Motorsport is, like virtually any sport, a competition. Whether you’re trying to beat your own personal lap record at a track day in a Miata that’s older than you are, going wheel-to-wheel with the best in the business with the Formula 1 World Championship hanging in the balance, or any racing endeavor in between, the fundamental goal remains the same: Be the best. And the better your car, the better your chances of being the best.

The history of motorsports is filled with cars that clearly had a leg (Wheel?) up on their rivals. But rare are the race cars that could, weekend after weekend (and, occasionally, season after season), pummel all challengers into submission and leave manufacturer executives, team managers, series officials, race promoters and parity-loving fans alike banging their heads on the table while feebly moaning “Make it stop…make it staaaahhp…” Here are 10 such mobile demoralizers.

Audi R8

Audi R8 LMP

When Audi arrived in prototype sports car racing in 1999, few observers gave them a second look. After all, they wouldn’t be allowed to utilize the added advantage of quattro all-wheel-drive like they were able to in rallying, Trans-Am, IMSA GTO and touring cars. And it appeared that the company couldn’t even decide which direction it wanted to go with the program: It fielded both closed-top (the R8C, developed by Racing Technology Norfolk and run by Audi Sport UK) and open-top (the Dallara-built R8R, fielded by Audi Sport Team Joest) prototypes.

However, after the R8Cs struggled heavily at the 24 Hours of Le Mans, Audi canned the coupe program and set about developing an improved R8R for the 2000 racing season. That new car – now known simply as the R8 – made its debut at the 12 Hours of Sebring; it finished 1-2 overall, a lap ahead of the third-place BMW V12 LMR. Three months later, it swept the podium in its Le Mans debut, and ended the year by winning the American Le Mans Series team and driver championship (the latter going to Allan McNish).

The R8 went on to take the ALMS title again every year from 2001 to 2005, and it won its final three races in 2006 to help Audi Sport North America to that season’s championship. Additional Le Mans victories also came in 2001, ’02, ’04 and ’05. What happened in 2003, you ask? The factory Audi program was taking a siesta that year, the idea being that it would improve the chances of corporate cousin Bentley topping the podium, which it dutifully did.
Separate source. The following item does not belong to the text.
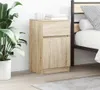 A wooden nightstand is placed next to a bed, with a plant in a pot on the left. Náhľad obrázku produktu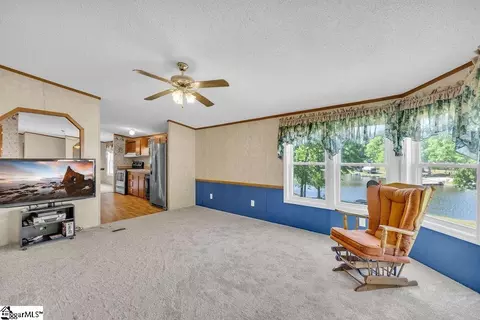 Living - 90 E Stagecoach Rd, Cross Hill, SC 29332 photo 7 of 8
But here’s the thing: The Bentley Speed 8 had a whole bunch of R8C and R8 bits under its British Racing Green skin, including the latest specification 3.6L twin-turbo V8. So yeah, the R8’s winning streak at La Sarthe was only semi-unbroken.

McLaren-Honda MP4/4

McLaren-Honda MP4/4

A perfect season is a rare feat in any sport, and it’s as rare as you can get in the history of Formula 1…because no team has ever done it. But in 1988, McLaren came oh-so-close with the impossibly-low-slung, Honda-powered MP4/4.

Developed by the Japanese manufacturer for just the ’88 season (as 3.5L naturally-aspirated engines would be mandatory starting in 1989), the RA168-E 1.5L twin-turbo V6 was Honda’s first powerplant for McLaren, who installed it in the ground-hugging MP4/4, which was designed by Steve Nichols and Gordon Murray (In fact, the low-line design was based heavily on the 1986 Brabham-BMW BT55, Murray’s clever but disappointing final effort for his then-employer.). The new car probably would have won a few races in the hands of the average F1 driver, but in the hands of Alain Prost and new recruit Ayrton Senna it was, for all intents and purposes, invincible.

Between the two of them, Prost and Senna won the first 11 races of the season, finishing 1-2 in eight of those 11. They also won the last four rounds of the championship, finishing 1-2 in half of those, bagging Senna the driver’s championship and McLaren the constructor’s championship. However, in between those runs of beating everyone else to a bloody pulp was the Italian Grand Prix at Monza. To the surprise of no one, the pair locked out the front row, with polesitter Senna timing in almost two full seconds faster than Gerhard Berger’s Ferrari in third. But in the race, it all went wrong: Prost’s engine popped on lap 34, while Senna was cruising to victory…until he came up to lap the Williams of Jean-Louis Schlesser (who was subbing for a sick Nigel Mansell) with three circuits to go. The two cars made contact in the narrow first chicane, with the McLaren spinning around and getting high-centered – and stuck – on the curbing. Thus ended McLaren’s chance to become the 1972 Miami Dolphins of F1. However, it did lead to one of the most fairytale finishes in racing history: Ferrari men Berger and Michele Alboreto came home first and second in front of a sea of delirious tifosi still mourning the passing of Enzo Ferrari a month earlier.

Lancia Delta HF Integrale

Lancia Delta HF Integrale

Given that Henri Toivonen and Sergio Cresto perished in a crash during the 1986 Tour de Corse in a Lancia Delta S4, and that crash prompted the immediate banning of Group B cars (and the cancellation of their Group S replacements, which were to have been introduced the following year) from the World Rally Championship, no one would have blamed Lancia for completely turning its back on the WRC – if not all of motorsports – much the way Mercedes-Benz did in the wake of the 1955 Le Mans disaster.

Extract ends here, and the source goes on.